Men don’t have abortions. That’s no reason not to fight for women’s rights

This article is more than 4 years old
Kenan Malik

Traditionally feminist arenas of campaigning for social equality are everyone’s concern

The decision by Alabama effectively to ban abortion has refocused attention in America on the issue of reproductive rights. The Alabama law is the most dramatic move in a long-running campaign by Republican states to curtail abortion rights and perhaps even overthrow Roe v Wade, the 1973 supreme court decision that legalised abortion in the US.

Inevitably, the abortion debate has come to be seen through the lens of the gender divide. It’s women who get pregnant, women who need abortions, and women who suffer when abortion rights are restricted.

Most of those who legislate against abortion are men. In Alabama it was 25 men who voted for the bill in the Senate. Missouri and Georgia also recently passed restrictive laws on abortion. In Missouri, 21 out of 24 senators who voted for the law were men; in Georgia, it was 33 out of 34 senators.
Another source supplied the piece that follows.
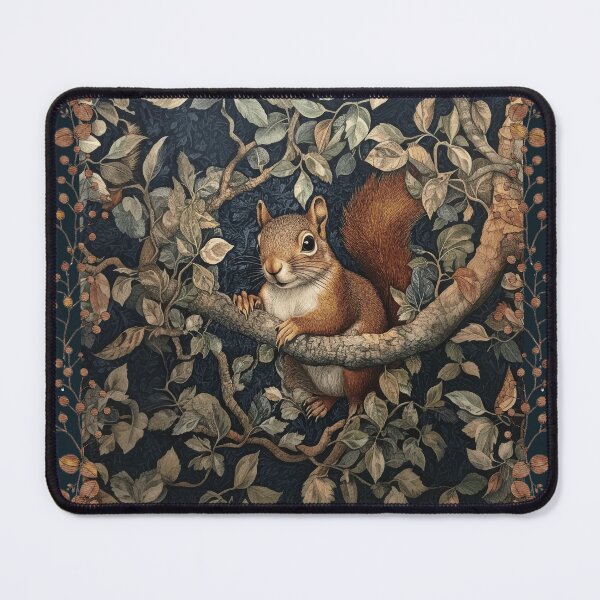 Item preview, Red Squirrel in a Tree William Morris Style designed and sold by AntiqueImages.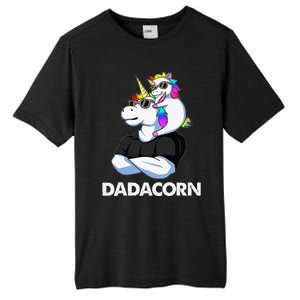 Dadacorn Unicorn Dad And Baby Christmas Papa Fathers Day Tall Fusion ChromaSoft Performance T-Shirt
The gender divide on abortion is not, however, as first it may appear. It’s mainly men who legislate against abortion because men are disproportionately represented in legislatures, especially in conservative states. Just four out of 35 senators in Alabama are women; of all members of the state legislature, more than 84% are men.

Would it have made a difference had there been equal numbers of men and women in the legislatures, or even if all had been women? Unlikely. Polls have consistently shown that there is almost no gender gap in attitudes towards abortion. Men and women are equally in favour.

It’s politics, not gender, that creates the abortion divide. According to the Pew Research Center, almost six in 10 Republicans believe that abortion should be illegal in all or most cases while three-quarters of Democrats think it should be legal. In legislatures, too, political affiliation, not gender, is key. In Alabama, every Republican, man and woman, supported the abortion ban. No Democrat, of either gender, did.

The partisan divide over abortion reflects, in part, the contemporary polarisation of US politics, visible in a host of issues from immigration policy to climate change. There is also, however, a deeper sense in which the abortion issue is politicised. The debate is, at its heart, inextricably linked to social equality.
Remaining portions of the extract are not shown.